Eingestellt am 08.09.2009

Nach dem plötzlichen Tod von Michael Jackson erreichen nicht nur die Verkaufszahlen von CDs des Künstlers schwindelerregende Höhen, es werden auch jede Menge Souvenirs und Fan-Artikel verkauft. Dies ist jedoch gefährlich, denn es drohen Abmahnungen mit empfindlichen Schadensersatzforderungen. Die Exklusivrechte für den Vertrieb von Michael Jackson in Deutschland liegen bei einem einzigen Lizenznehmer, der Deutschrock Merchandise GmbH. Die Rechtekette reicht hierbei in die USA zurück. Wie wir erfahren haben, sind hierbei Fotos und Abblildungen von Michael Jackson, sein Künstlername, seine Unterschrift und auch die Bezeichnung "King Of Pop" marken- bzw. urheberrechtlich geschützt. In Deutschland erfolgt die Rechtevergabe an Deutschrock durch die Universal Music GmbH.

Teilweise hat der Hype dazu geführt, dass Privatleute und Unternehmer sich "Michael Jackson" als Wortmarke angemeldet haben. Man muss kein Hellseher sein, um vorherzusagen, wozu dies führen wird. Vertrauen ist gut, Anwalt ist besser. "Mal eben eine Marke anmelden" ist in höchstem Maße leichtsinnig.
 
Aus anwaltlicher Sicht kann zudem nur davon abgeraten werden, Michael Jackson-Produkte ohne entsprechende Lizenz in Umlauf zu bringen.
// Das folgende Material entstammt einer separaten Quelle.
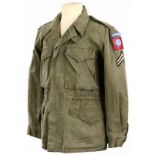 M-43 Field Jacket, voorzien van later opgezette 82nd Airborne patch en korporaals chevrons, jas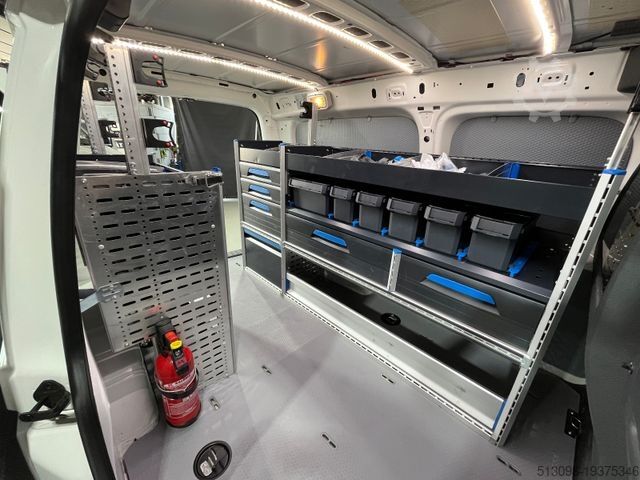 Panel van VOLKSWAGEN CADDY MAXI REGALS. TEMP. 4MOTION DACHTRÄ. KLIMA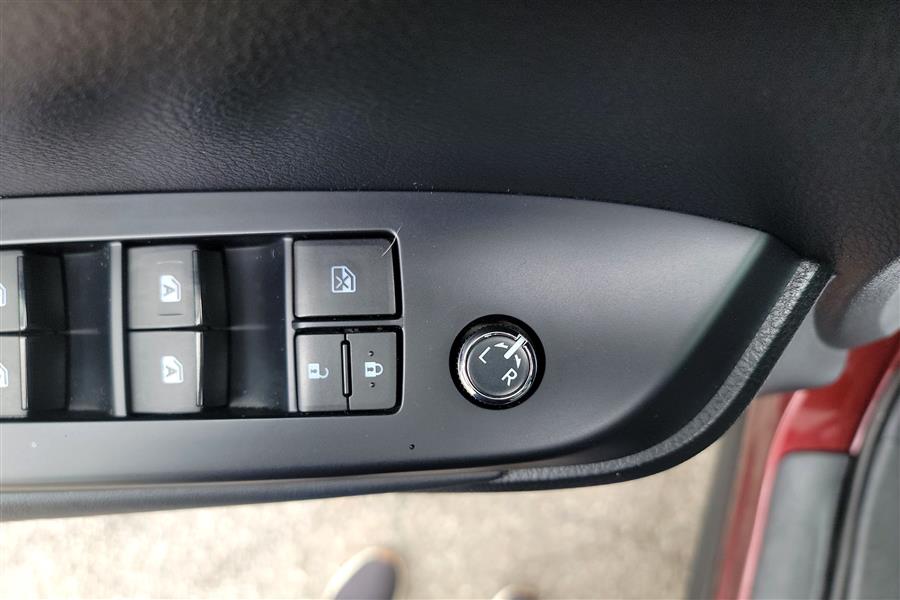 2015 Toyota Highlander AWD 4dr V6 XLE (Natl), available for sale in Lindenhurst, New York | Power Motor Group. Lindenhurst, New York 2015 Toyota Highlander AWD 4dr V6 XLE (Natl), available for sale in Lindenhurst, New York | Power Motor Group. Lindenhurst, New York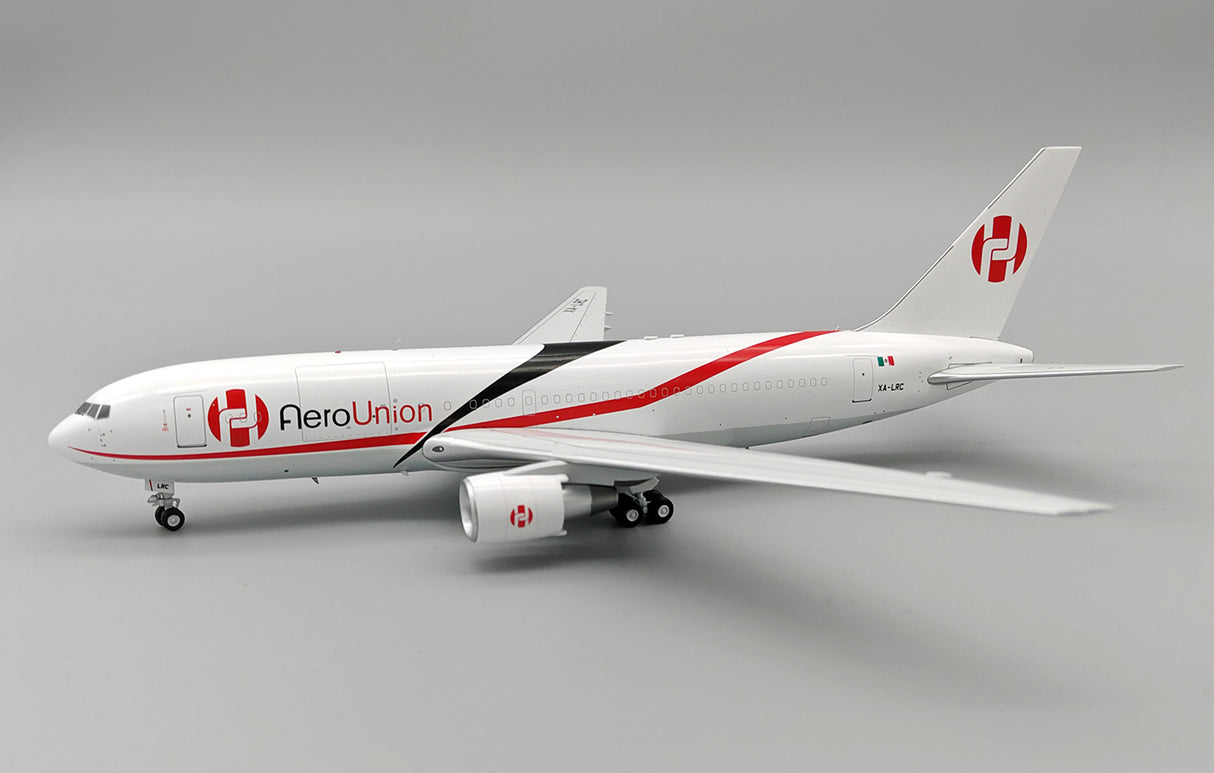 EAV-762-LRC | El Aviador 1:200 | Boeing 767-241/ER(BDSF) AeroUnion XA-LRC | is due April 2025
Vertretbar wäre einzig der private Verkauf von neuen oder gebrauchten lizensierten Original-Produkten. Es mag Grenzfälle geben, wobei jedoch zuvor anwaltlicher Rat gefragt ist, was im Einzelfall sicher billiger ist, als eine Kamikaze-Markenanmeldung oder der Verkauf von selbstentworfenen Fanartikeln.